Tuesday, September 20, 2011

Gold (1974)

          After becoming James Bond in 1973, suave British star Roger Moore was cast in a slew of leading roles outside the franchise, yet was singularly unlucky in picking projects; none of his non-007 pictures became a significant hit, and many were outright disasters. Thus, it’s a great surprise to discover that Gold, which did very little business during its initial release and subsequently fell into the public domain after legal squabbles between Moore and the producers, is quite watchable.
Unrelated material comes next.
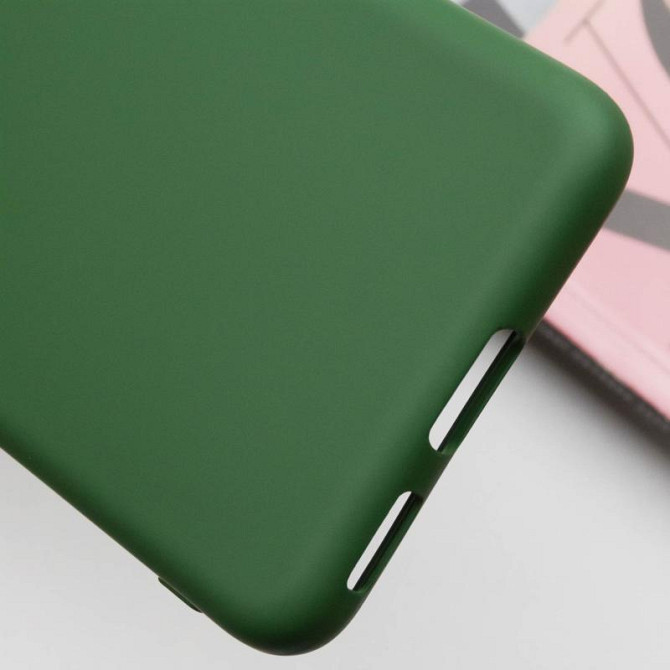 Чехол TPU GETMAN Liquid Silk Full Camera для Samsung Galaxy S22+ Херсон - изображение 6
          Depicting the adventures of a mine supervisor who discovers he’s merely the pawn in an outrageous scheme, the movie takes place in the colorful milieu of the South African gold business. The main villain is Manfred Steyner (Bradford Dillman), an ambitious executive conspiring to destroy his own mine in order to drive up worldwide gold prices. He’s keeping his plans secret from his wife, Terry (Susannah York), and her imperious father (Ray Milland), who owns the mine. When the supervisor who was rigging the scheme for Manfred dies in a mining accident, Manfred recruits hot-tempered Rod Slater (Moore) to take the supervisor’s place; Rod is told that a new vein is being tapped, when in fact he’s being coaxed into opening an underground quarry that will flood the mine.
          Although Gold is far too long, getting lost for a while in the romantic subplot of Rod’s illicit affair with Terry, there’s a lot to enjoy in the film. Several veterans of the Bond franchise participated, giving the movie energy and scale: On Her Majesty’s Secret Service helmer Peter Hunt directed the film with gusto; Maurice Binder contributed a lively title sequence; and frequent Bond director/editor John Glen supervised the mining scenes, which are claustrophobic and intense. (There’s even a corny title song performed by Jimmy Helms in a Tom Jones-lite mode that evokes brassy Bond themes like “Thunderball.”)
          Moore doesn’t leave his comfort zone, laying on the charm with tools like his arched eyebrow and seductive speaking voice, but it’s a pleasure to see him being manipulated, rather than strutting like the master of all he surveys, since vulnerability becomes him. York is fine in a thankless role (even though she’s swathed in godawful ’70s fashions), and Dillman is fun as an unscrupulous climber who goes to pieces when Rod starts mucking up his grand scheme. Milland scowls and shouts in his usual style, which is always entertaining, and supporting player Simon Sabela is compelling as the most prominent native miner, Big King.
          The film’s exciting conclusion, which has everything from an emergency plane landing to a vehicular assault to workers getting obliterated by explosions and floods, isn’t edited as tightly as it should have been, but Gold is nonetheless quite satisfying, offering an agreeable mixture of escapist adventure and simplistic social commentary.